Just seen the Ribble, what a nice looking bike. I believe these bikes given the correct exposure to the non cycling public will entice some to use a bike more and a car less. The only concern I have the power and top speed becomes abused to the point of dangerous. I also think 15mph is just a tad too low, 16-17mph before assistance drops away. If a non dedicated rider can get one ideally two hours of assistance over a hilly terrain, that will be more than sufficient for them to build a good starting fitness.


----------



## derrick (31 Jan 2019)

CXRAndy said:


> Just seen the Ribble, what a nice looking bike. I believe these bikes given the correct exposure to the non cycling public will entice some to use a bike more and a car less. The only concern I have the power and top speed becomes abused to the point of dangerous. I also think 15mph is just a tad too low, 16-17mph before assistance drops away. If a non dedicated rider can get one ideally two hours of assistance over a hilly terrain, that will be more than sufficient for them to build a good starting fitness.


I think the 15mph works well. After all its should be just to get you up the hills. Paul did struggle a bit in certain places.Due to the bike being quite heavy. But he enjoyed it. He says he will never worry about anymore hills. The idea is battery assist. It is a nice bike.


----------



## youngoldbloke (1 Feb 2019)

CXRAndy said:


> Just seen the Ribble, what a nice looking bike. I believe these bikes given the correct exposure to the non cycling public will entice some to use a bike more and a car less. The only concern I have the power and top speed becomes abused to the point of dangerous. I also think 15mph is just a tad too low, 16-17mph before assistance drops away. If a non dedicated rider can get one ideally two hours of assistance over a hilly terrain, that will be more than sufficient for them to build a good starting fitness.





derrick said:


> I think the 15mph works well. Paul did struggle a bit in certain places.Due to the bike being quite heavy. But he enjoyed it. He says he will never worry about anymore hills. The idea is battery assist. It is a nice bike.

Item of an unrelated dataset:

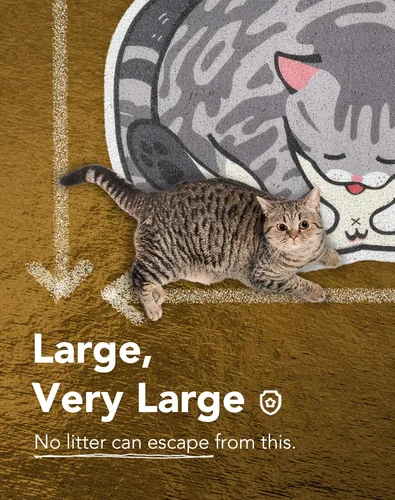 Miniatura 3 de Lukamoo® Bonita alfombra de arena para gatos (30 x 20 pulgadas), grande/L, para arena de gatitos y bonita caja de arena para gatos, alfombrilla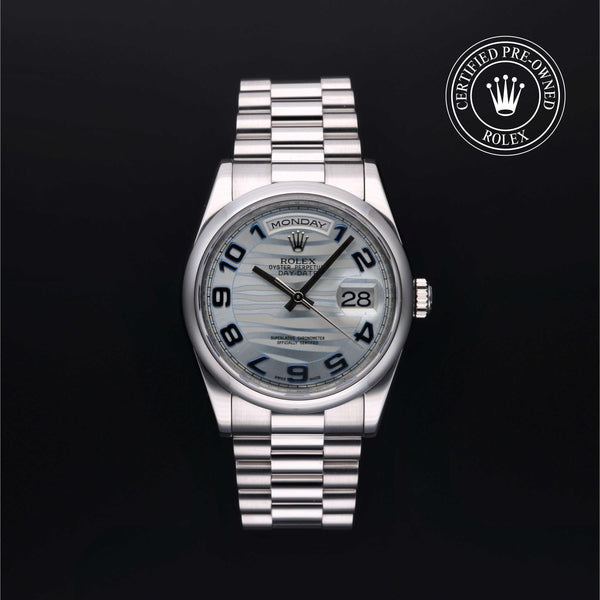 Rolex Certified Pre-owned Day-date M118206-0095 front on black background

15 mph is too low. 18 would be much better. I've found it can be hard work staying with a group as their speed drifts up over 15 on favourable stretches of road (this is with the club leisure ride group). It's like trying to keep up riding a heavy touring bike. My Gain is around 15 -16kg with pedals, saddle pack, bottle etc. 
I don't agree that "After all its should be just to get you up the hills". The minimum level of assistance puts me back in the position I was in before my legs became 'bu99ered' (I can't ride a conventional bike more than 3 -4 miles now, before the leg pain stops me - even my 8 kg carbon bike) so when it cuts out at 15 mph it can begin to hurt quite a lot! Hills can be fun now though!


----------



## TheDoctor (21 Mar 2019)

Sadly, the 15 mph limit is a legal one - any faster and it's a motorbike, with all the legal and licensing issues that involves.


----------



## Levo-Lon (22 Mar 2019)

derrick said:


> Well today i went out with Paul on his Ebike, Had a good ride chasing him up the hills, He really enjoyed it as it's the longest ride he has done for a while, He made me work on the hills, but i made him work on the flat and the fast hills, so a good time was had by both of us, I think there is a place for them on club rides as long as they are rode sensibly. Was a windy afternoon but it was not cold or wet, Got back to the pub where we had a few beers and discused the ride, am looking forward to the next one.
> https://www.strava.com/activities/2076052709




In a nutshell that's what there all about.
People getting out and having a good ride without destroying themselves.

Best thing my wife ever bought, 20 mile MTB ride no prob,she used to struggle with 5-10 easy MTB miles on a normal bike


----------